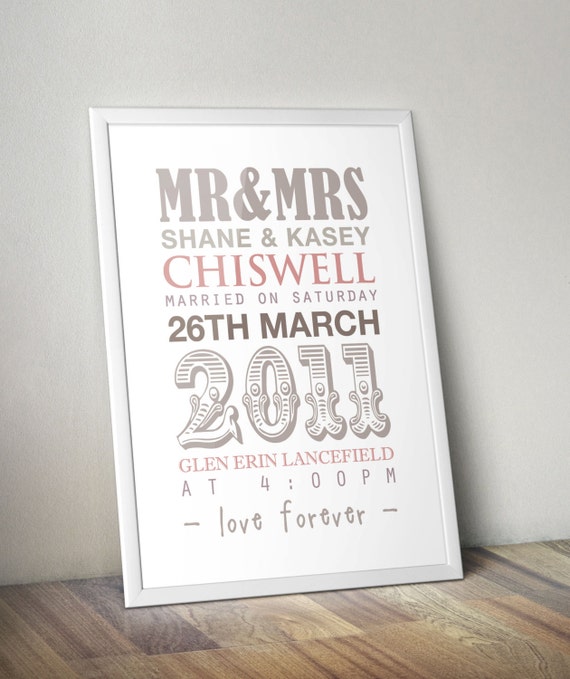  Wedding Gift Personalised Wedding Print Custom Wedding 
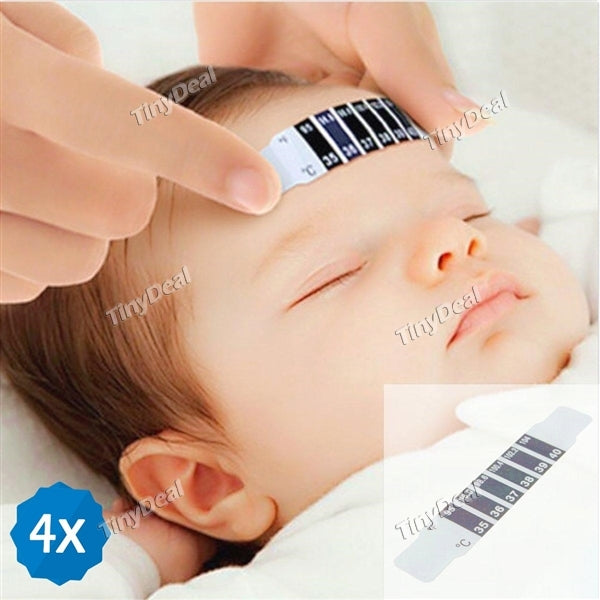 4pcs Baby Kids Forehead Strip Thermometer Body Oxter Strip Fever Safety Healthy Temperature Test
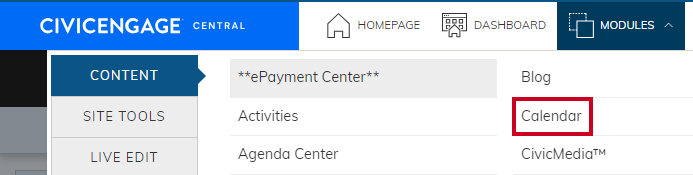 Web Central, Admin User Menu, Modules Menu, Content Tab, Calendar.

□ □ □

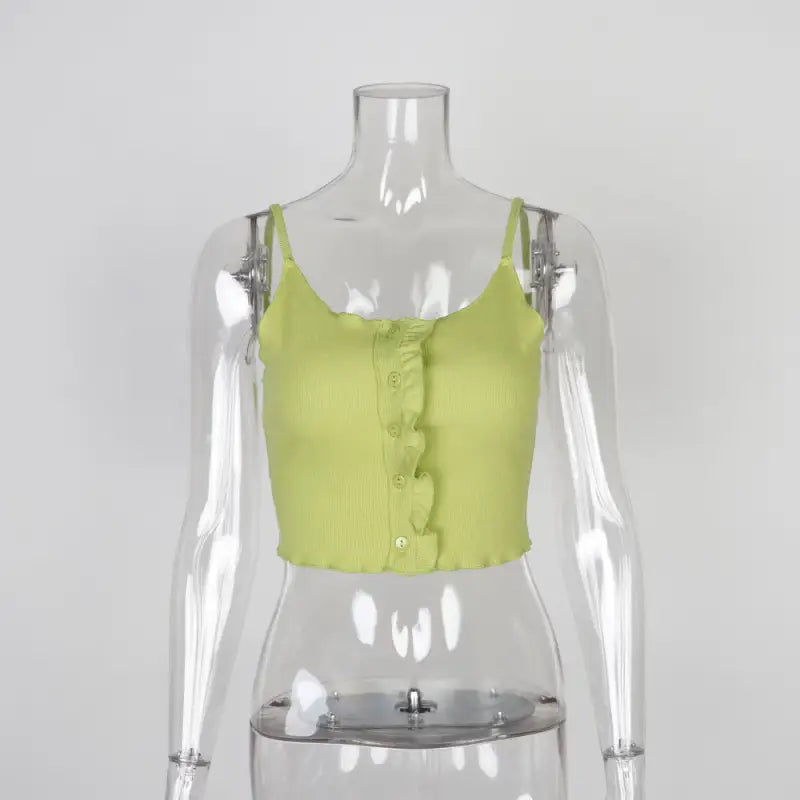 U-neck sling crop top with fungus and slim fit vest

□ □ □

Problem to work on:
Using the entries above, transcribe exactly from the line that has "4pcs Baby Kids" through the line that has "Web Central, Admin". Pictures are dropped.

Your solution:
 4pcs Baby Kids Forehead Strip Thermometer Body Oxter Strip Fever Safety Healthy Temperature Test
 Web Central, Admin User Menu, Modules Menu, Content Tab, Calendar.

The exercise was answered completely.